The entries below are to be written out exactly, with no images included.

___ Dataset extract

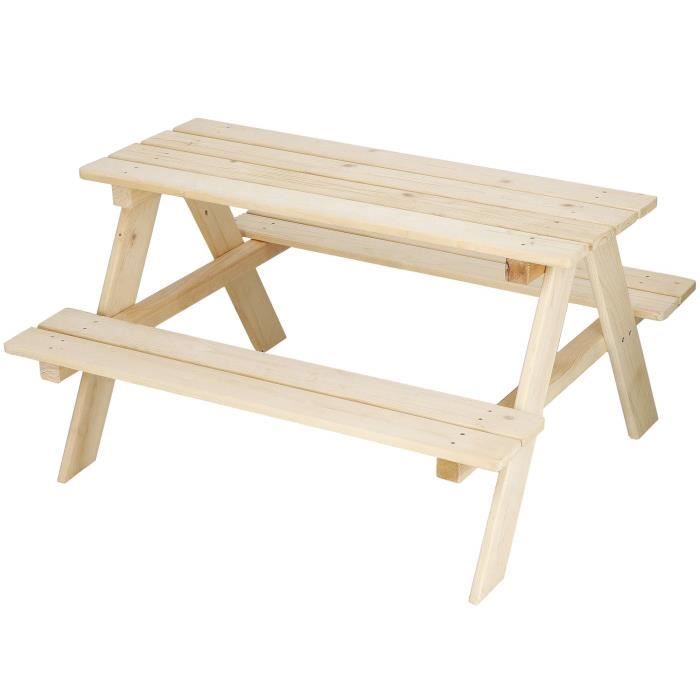 Table pique-nique enfant - en bois - 90x95xH50 cm - OOGarden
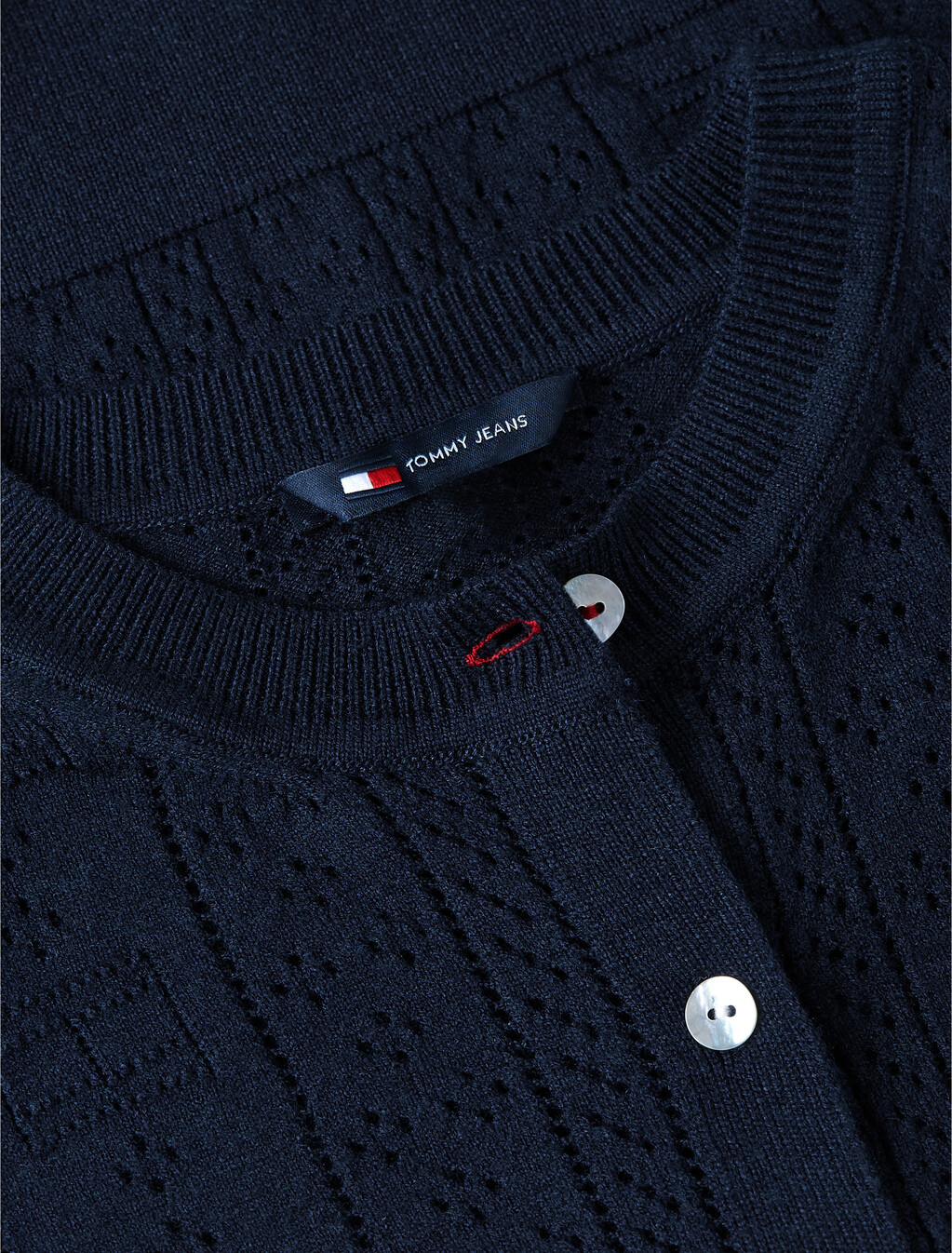 Slim Pointelle Flag Cardigan, Dark Night Navy, hi-res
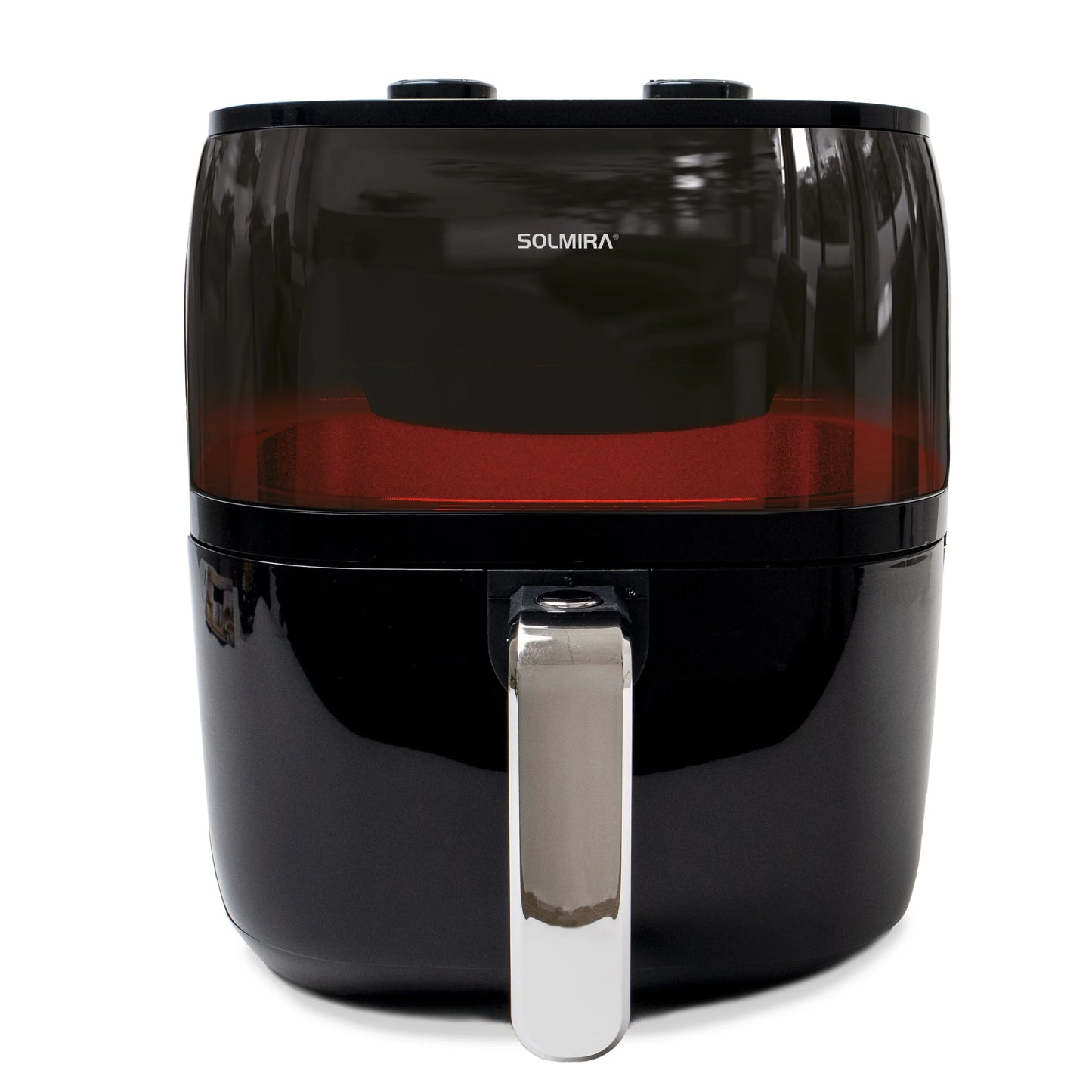 6L Air Fryer by SOLMIRA, 1400W capacity, designed for oil-free grilling, features a compact size of 40x34x38cm, CE certified, perfect for healthy cooking and equipped for various uses.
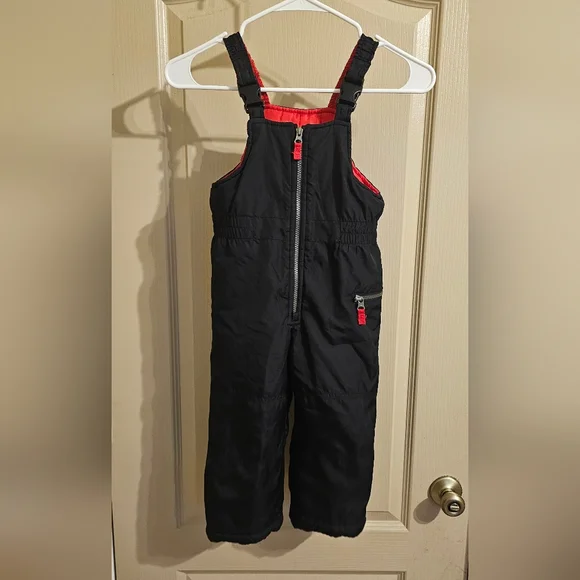 Carter's 4T Black And Red Snow Bibs Overalls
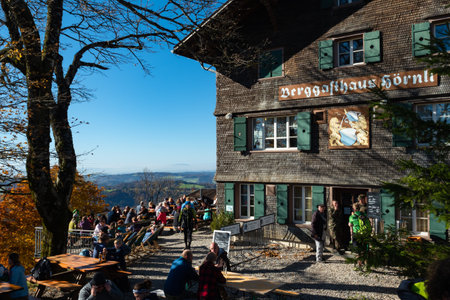 Cantone Zurich, Switzerland - October 24th 2021: Beautiful restaurant on the top of Hoernli on a sunny autumn dayのeditorial素材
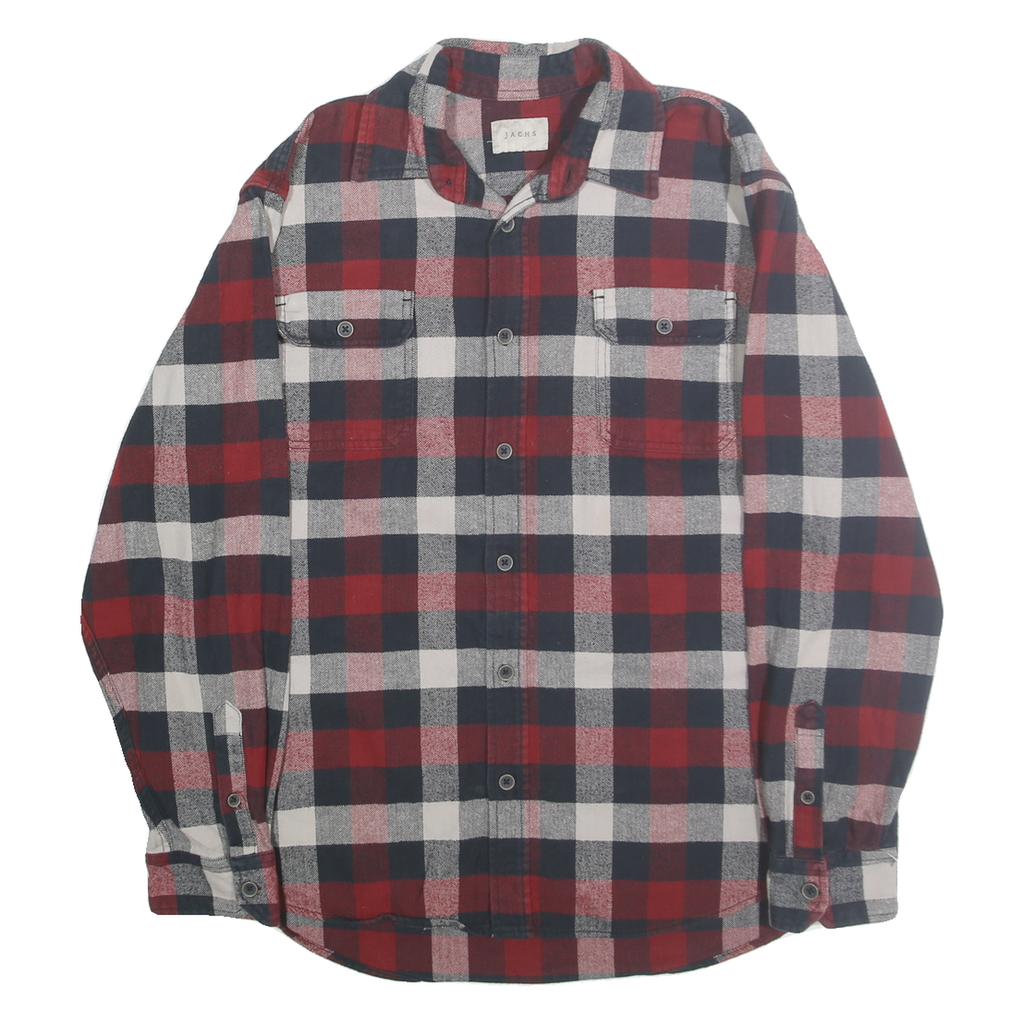 JACHS Mens Red & Navy Check Shirt L Button Long Sleeve Casual Cotton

______

Completed task:
 Table pique-nique enfant - en bois - 90x95xH50 cm - OOGarden
 Slim Pointelle Flag Cardigan, Dark Night Navy, hi-res
 6L Air Fryer by SOLMIRA, 1400W capacity, designed for oil-free grilling, features a compact size of 40x34x38cm, CE certified, perfect for healthy cooking and equipped for various uses.
 Carter's 4T Black And Red Snow Bibs Overalls
 Cantone Zurich, Switzerland - October 24th 2021: Beautiful restaurant on the top of Hoernli on a sunny autumn dayのeditorial素材
 JACHS Mens Red & Navy Check Shirt L Button Long Sleeve Casual Cotton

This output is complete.